I think that CDNs will initially collocate some servers at SL uplink/downlink 
sites and then, eventually, in space where they can be accessed by sat-sat 
links. This sems a natural extension of business model both for CDNs and for SL 
and other satellite providers. For starters, there’s no good reason why a DNS 
query should take four hops. The more content that moves to space, the faster 
the response time for SL and the less load on its uplink/downlink sites.

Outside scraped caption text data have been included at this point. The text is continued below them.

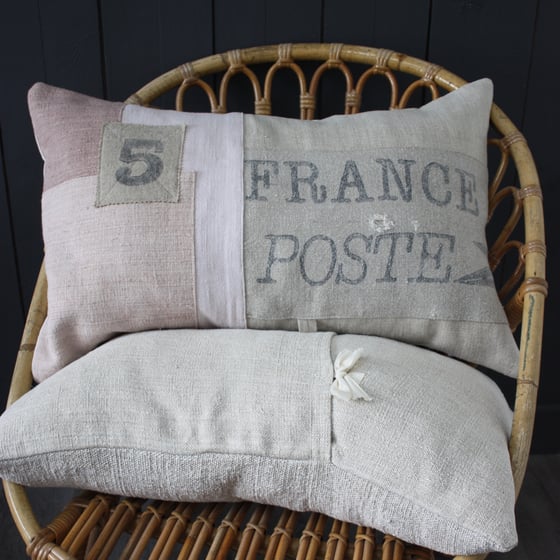 Image of Coussin France Poste et chanvres roses.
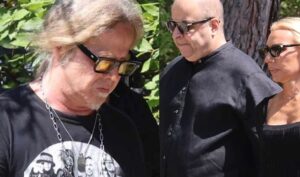 Κηδεία Λορέντζο Καριέρε: Στο «ύστατο χαίρε» οι Φίλοι για πάντα – Πλήθος επωνύμων από Σεφερλή μέχρι Βουρλιώτη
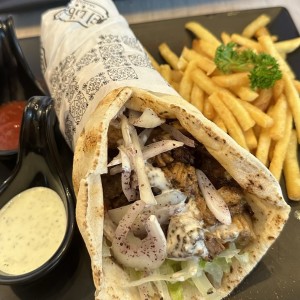 SHAWARMAS - SHAWARMA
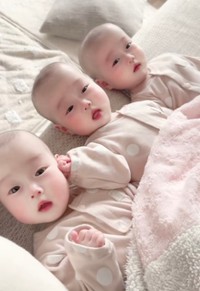 三つ子ちゃんの寝起きはこんな感じ♡（提供：@tripletpapa3さん）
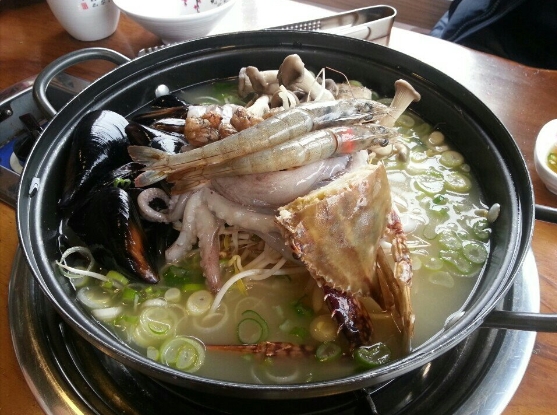 곰아줌칼국수 이미지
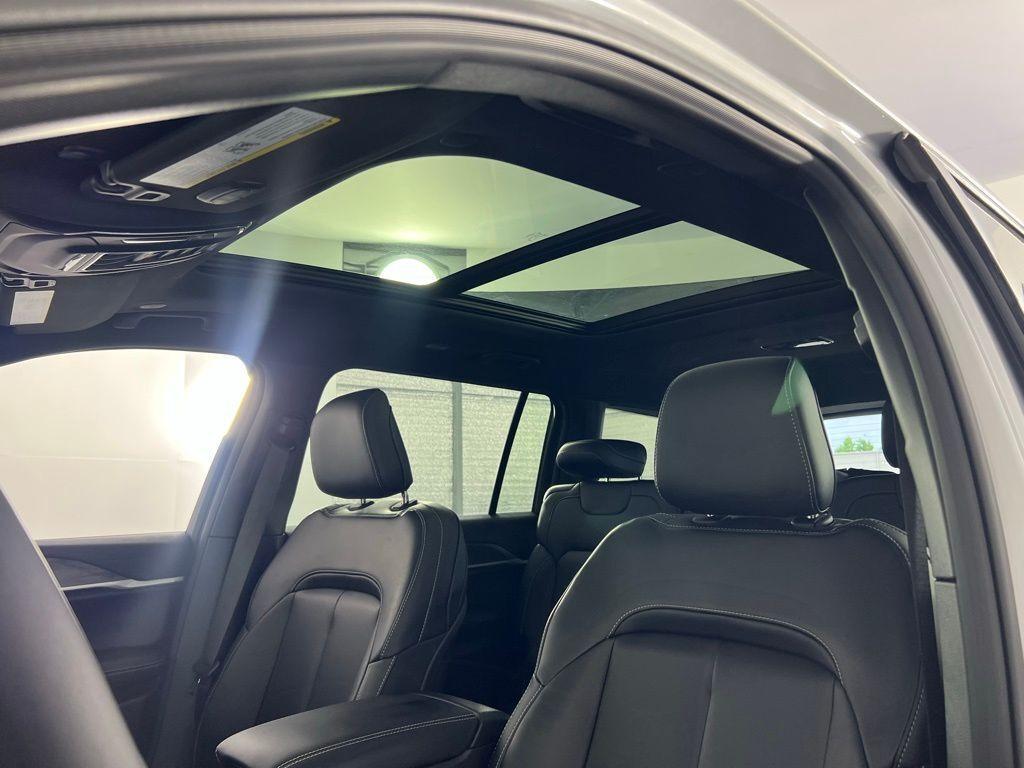 new 2025 Jeep Grand Cherokee L car, priced at $43,058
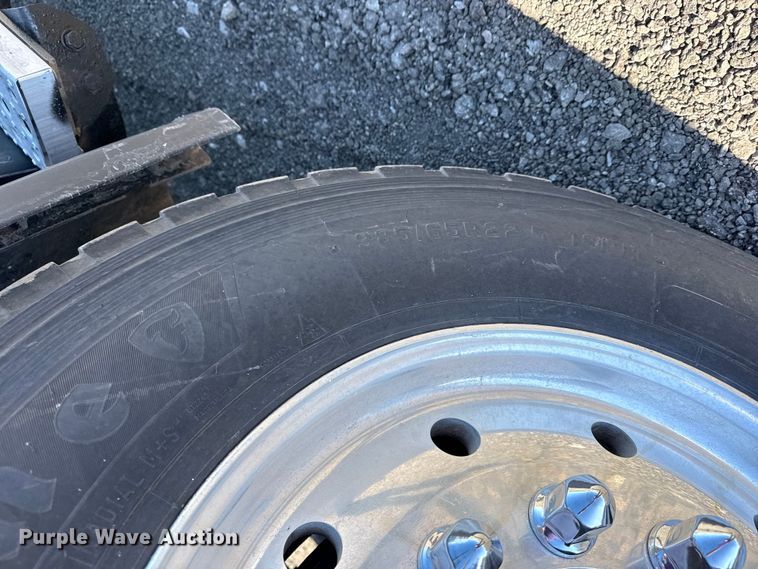 image for item EG2152 2016 Freightliner 114SD crane truck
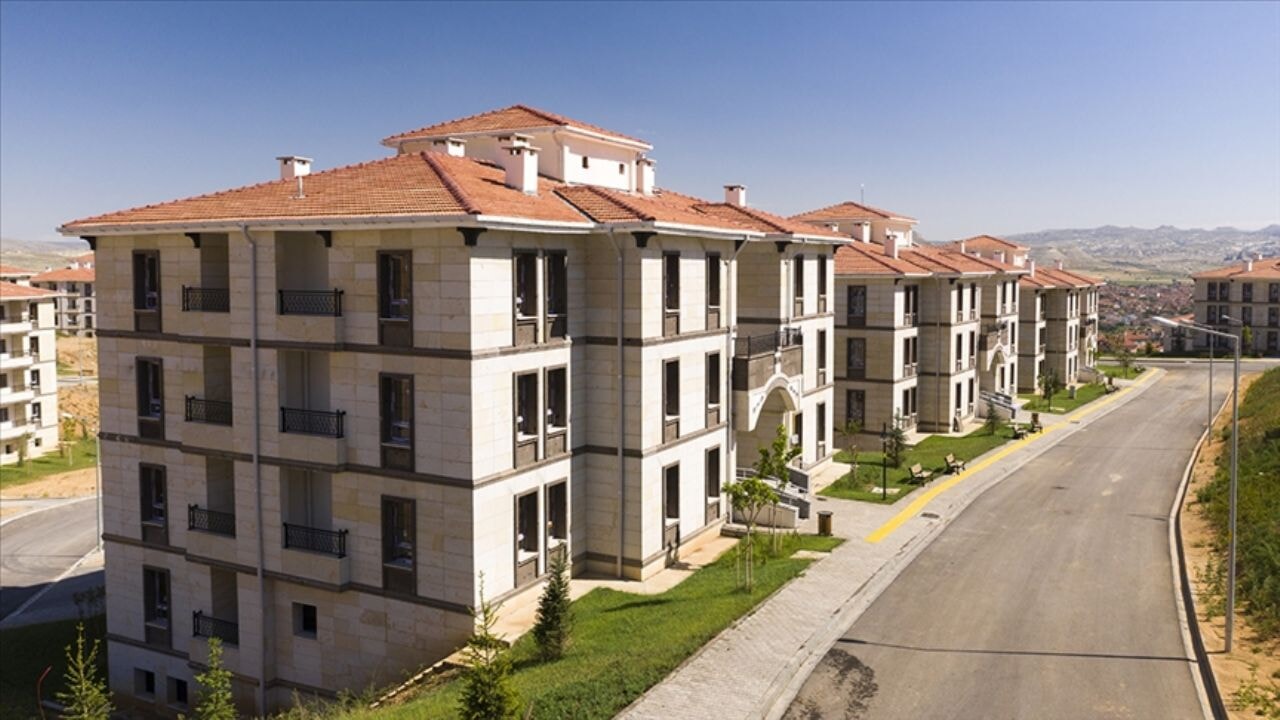 Bakan Kurum: Yüzyılın Konut Projesi'ne 2 milyon 879 bin geçerli başvuru yapıldı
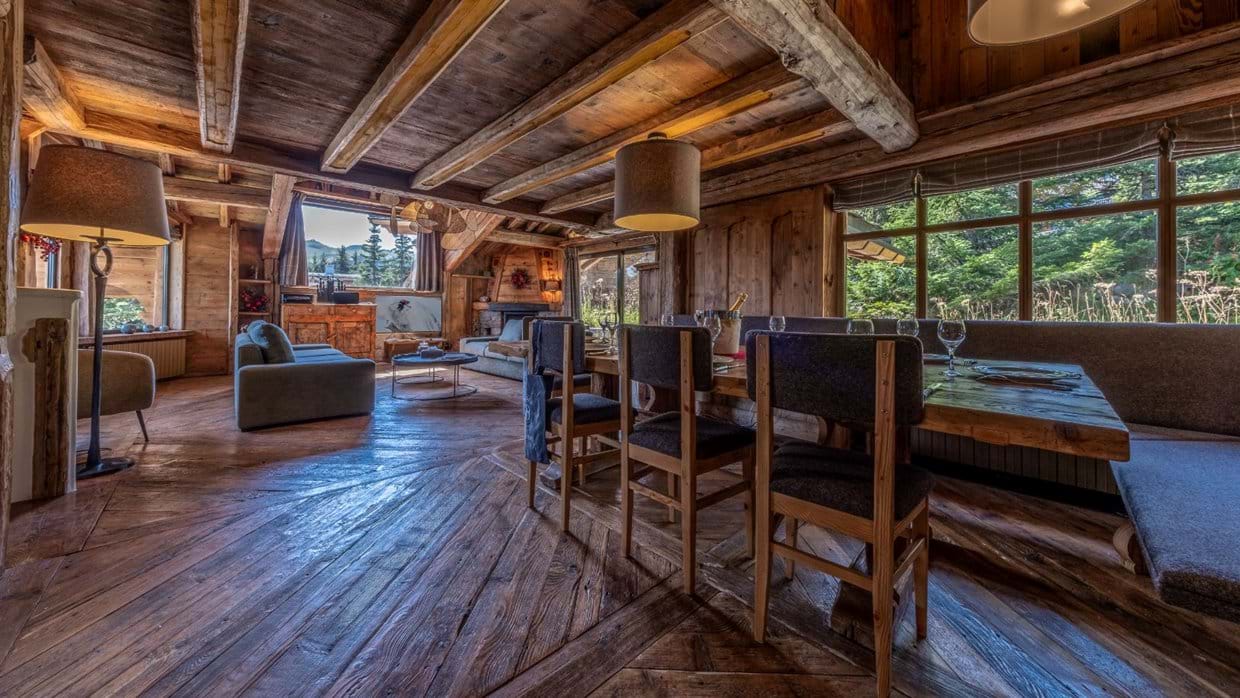 Luxury-Ski-Chalet-Courchevel-Chalet-Anchorage-Oxford-Ski-dining2.jpg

I 
speculated more about that evolution here The Internet and The Cloud Are Going 
into Space 
<https://blog.tomevslin.com/2021/07/the-internet-and-the-cloud-are-going-into-space.html>
  and speculated that there will also be orbital cloud computing centers for 
many reasons including solar power Computing Clouds in Orbit – A Possible 
Roadmap 
<https://blog.tomevslin.com/2021/07/computing-clouds-in-orbit-a-possible-roadmap.html>
 

 

 

 

From: Starlink <[email protected]> On Behalf Of Ulrich 
Speidel via Starlink
Sent: Tuesday, August 30, 2022 6:51 PM
To: [email protected]
Subject: Re: [Starlink] Starlink "beam spread"

 

There's another aspect here that is often overlooked when looking purely at the 
data rate that you can get from your fibre/cable/wifi/satellite, and this is 
where the data comes from.

A large percentage of Internet content these days comes from content delivery 
networks (CDNs). These innately work on the assumption that it's the core of 
the Internet that presents a bottleneck, and that the aggregate bandwidth of 
all last mile connections is high in comparison. A second assumption is that a 
large share of the content that gets requested gets requested many times, and 
many times by users in the same corner(s) of the Internet. The conclusion is 
that therefore content is best served from a location close to the end user, so 
as to keep RTTs low and - importantly - keep the load of long distance 
bottleneck links.

Now it's fairly clear that large numbers of fibres to end users make for the 
best kind of network between CDN and end user. Local WiFi hotspots with limited 
range allow frequency re-use, as do ground based cellular networks, so they're 
OK, too, in that respect.  But anything that needs to project RF energy over a 
longer distance to get directly to the end user hasn't got nature on its side.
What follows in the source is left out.